La pêche côtière est stoppée sur une frange de 500 km de côte mais le délégué du gouvernement ose dire que nous avons beaucoup de côtes, qu’il n’y a pas de marée noire, juste des tâches disséminées. Les oiseaux de mer (cormorans, pélicans) qui passent — ou vivent — ici lors de leur migration et nichent dans les lagunes voisines de la côte meurent par centaine, et il se peut que certaines espèces rares disparaissent même. Pour pouvoir nettoyer le fuel qui s’est enfoui sous le sable, il va falloir d’abord enlever celui-ci, et découvrir les fonds marins couverts de goudron. Fraga, le président du gouvernement régional parti à la chasse le jour de la marée noire, ainsi que les ministres impliqués maintiennent et poursuivent leurs mensonges. La presse et la télé continuent leur travail de désinformation. Le gouvernement central minimise les conséquences d’un désastre qui aurait pu être évité : il n’y a pas de marée noire, et encore moins de déclaration de catastrophe naturelle. Le conseiller de la pêche aurait même dit qu’il ne fallait pas en faire une montagne. L’arrogance et le mépris du gouvernement galicien comme du gouvernement central ont été flagrants ces derniers jours, refusant l’aide des autres pays car tout était sous contrôle. Contrôle qui s’est montré tellement efficace que Muxia s’est couverte par trois fois de fuel.

La désorganisation, l’insuffisance des critères techniques, l’absence de prises de décision de la part des politiques a été totale. À tel point que les techniciens hollandais ont dénoncé le fait de n’avoir eu comme interlocuteur aucun technicien local mais que des politiciens.

Mais, face à ce désastre, une partie des travailleurs de la mer et de la population côtière ont peur de parler à voix haute. Le caciquisme des petits politiciens locaux est enraciné ici, les fascistes du Parti populaire (Fraga, chef PP du gouvernement de Galice, a été ministre du temps de Franco) affichent en grand leur présence dans nos villes ; ce sont des maîtres et des « señores » à la tête de grandes exploitations agricoles. Ce n’est pas en vain que l’on dit de Fraga et de Camariñas : « Les autres viennent avec des paroles, eux apportent les pesetas ». La répartition des aides (à qui et comment ?) est en jeu, et les gens n’ont pas la force suffisante pour crier haut et clair et exiger des solutions immédiates ; ce devrait être l’ensemble des travailleurs de Galice qui devraient crier avec eux.

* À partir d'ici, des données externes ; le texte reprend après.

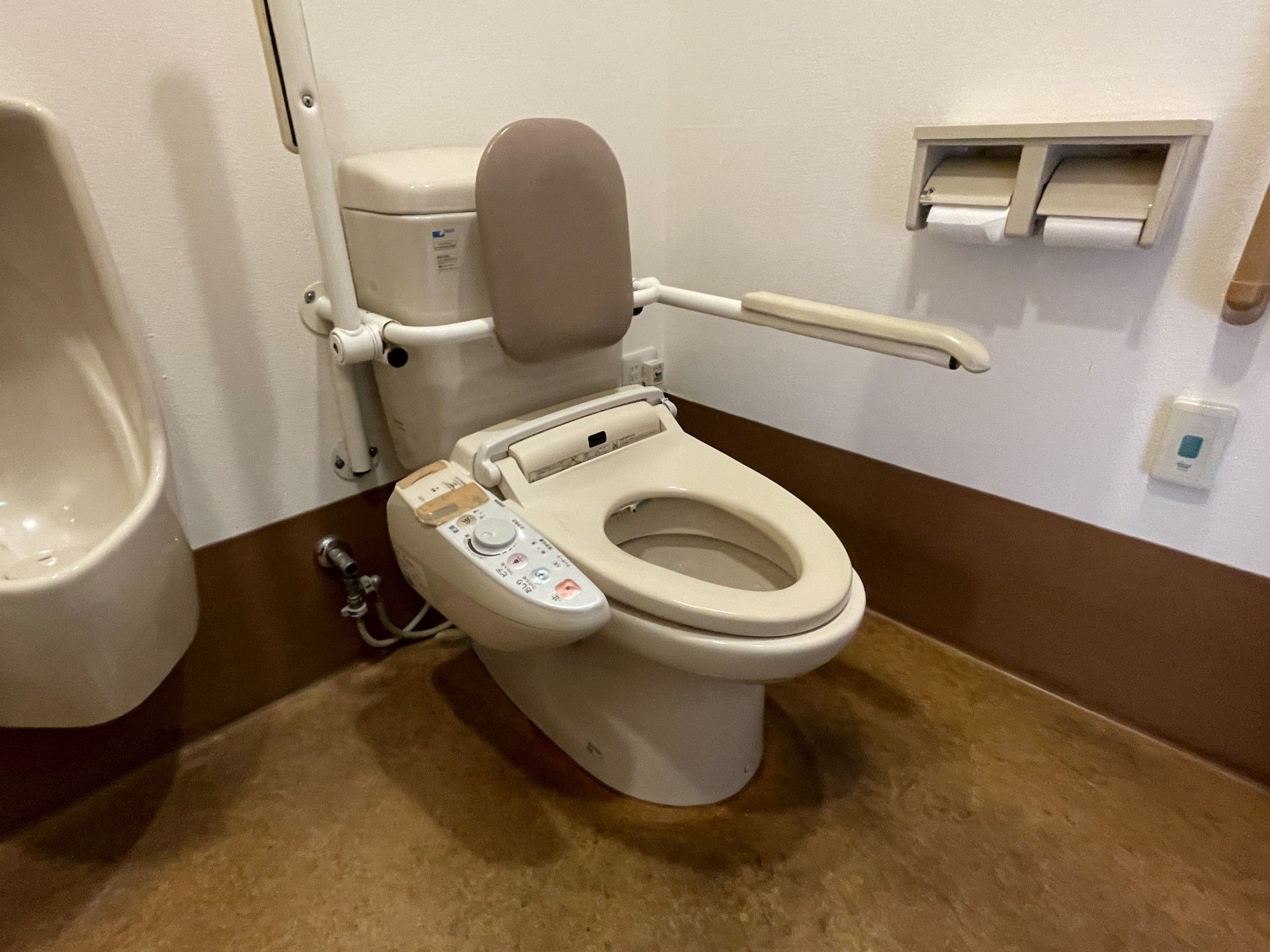 手すり付きトイレ
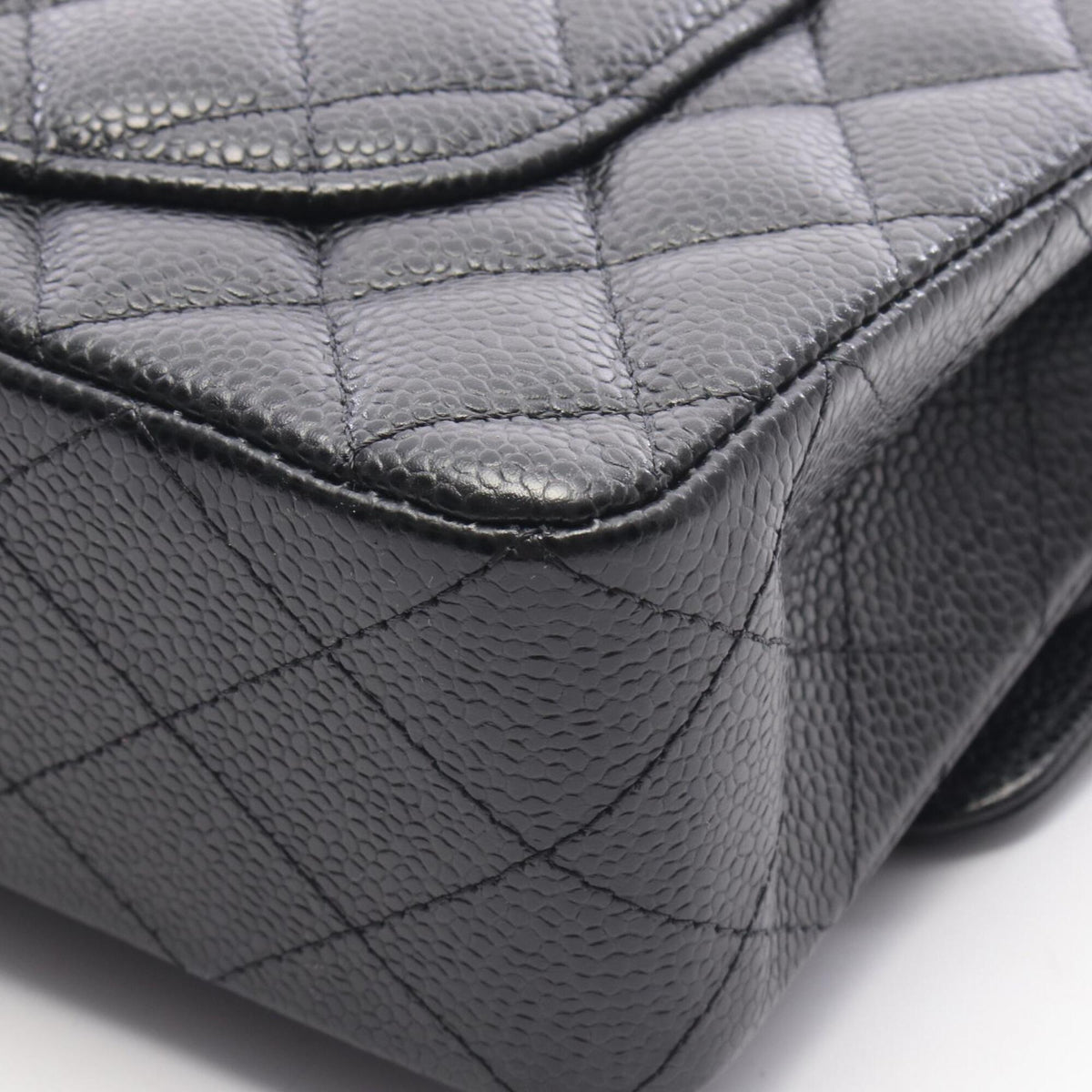 Chanel Black Grained Calfskin Handbag Shoulder Bag (Pre-Owned)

La fédération de Galice de la CNT-AIT, partie prenante de la « Plate-forme citoyenne Plus jamais ça », exige une série de mesures en quatre points :
 Déclaration de la Galice comme zone sinistrée, englobant tous les secteurs en relation, directe ou indirecte, avec la catastrophe.
 Mise en route de mécanismes de prévention sur toute la côte et restauration du milieu naturel avec toute la dotation économique nécessaire.
 Adoptions de mesures par le gouvernement de l’État et la junte de Galice (gouvernement régional) pour que ce genre de fait nepuisse plus se répéter : contrôle du trafic maritime, état des navires, dispositifs de sauvetage, lutte contre les contaminations maritimes, interdiction de transbordement dans nos fleuves de substances dangereuses.
 Démission de toute la chaîne de responsables politiques inutiles : ministres, délégués du gouvernement, conseillers et président de la Junte régionale.

La Fédération de Galice de la CNT-AIT lance un appel pour que vous vous joigniez à nous et que jaillisse de chacun d’entre nous la rage et la force du peuple travailleur.